REST APIでの通貨コードの使用
REST APIで通貨と金額を表現するベストプラクティス。JSONフォーマット、ISO 4217の使用法、補助単位パターン、一般的なAPI設計ミスを解説。
Development
詳細な説明
API設計における通貨コード
金額を扱うREST APIを設計する際、通貨の一貫した曖昧でない表現が重要です。
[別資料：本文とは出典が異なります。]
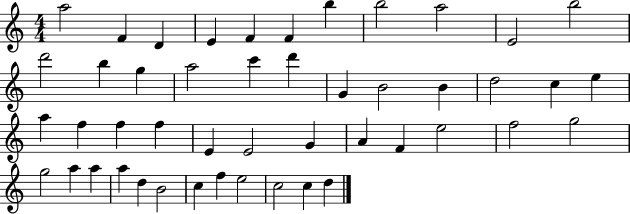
{
  \clef treble
  \numericTimeSignature
  \time 4/4
  \key c \major
  a''2 f'4 d'4 | e'4 f'4 f'4 b''4 | b''2 a''2 | e'2 b''2 | \break d'''2 b''4 g''4 | a''2 c'''4 d'''4 | g'4 b'2 b'4 | d''2 c''4 e''4 | \break a''4 f''4 f''4 f''4 | e'4 e'2 g'4 | a'4 f'4 e''2 | f''2 g''2 | \break g''2 a''4 a''4 | a''4 d''4 b'2 | c''4 f''4 e''2 | c''2 c''4 d''4 | \break \bar "|."
}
ISO 4217コードの使用が業界標準ですが、APIペイロードでの金額と通貨の構造化方法は異なります。
一般的なJSONパターン
パターン1:金額と通貨フィールドの分離
{
"amount": 29.99,
"currency": "USD"
}
シンプルですが浮動小数点精度の問題が発生しやすい。
パターン2:補助単位での金額(推奨)
{
"amount": 2999,
"currency": "USD"
}
Stripe、PayPalなどの主要決済プロセッサーがこのパターンを使用。金額は最小通貨単位(USDのセント、JPYの円)で表されます。浮動小数点の問題を完全に回避。
ベストプラクティス
- 常に通貨コードを含める — USDやデフォルトを仮定しない
- ISO 4217アルファベットコードを使用 — "USD"であって"usd"、"$"、"dollar"ではない
- 単位規約を文書化 — 金額が主単位(29.99)か補助単位(2999)かを明確に記述
- 一貫性を保つ — エンドポイント間でパターンを混在させない
ゼロ小数通貨
JPY、KRWなどのゼロ小数通貨では、補助単位は主単位そのものです:
{ "amount": 1000, "currency": "JPY" }
// これは1000円を意味し、10.00円ではない!
ユースケース
決済システム、ECプラットフォーム、または金融APIを構築するAPI設計者やバックエンド開発者は、金額の適切な表現方法を選択する必要があります。補助単位パターン(StripeやPayPalが使用)は、浮動小数点の問題を排除しつつ言語非依存であるため、業界標準となっています。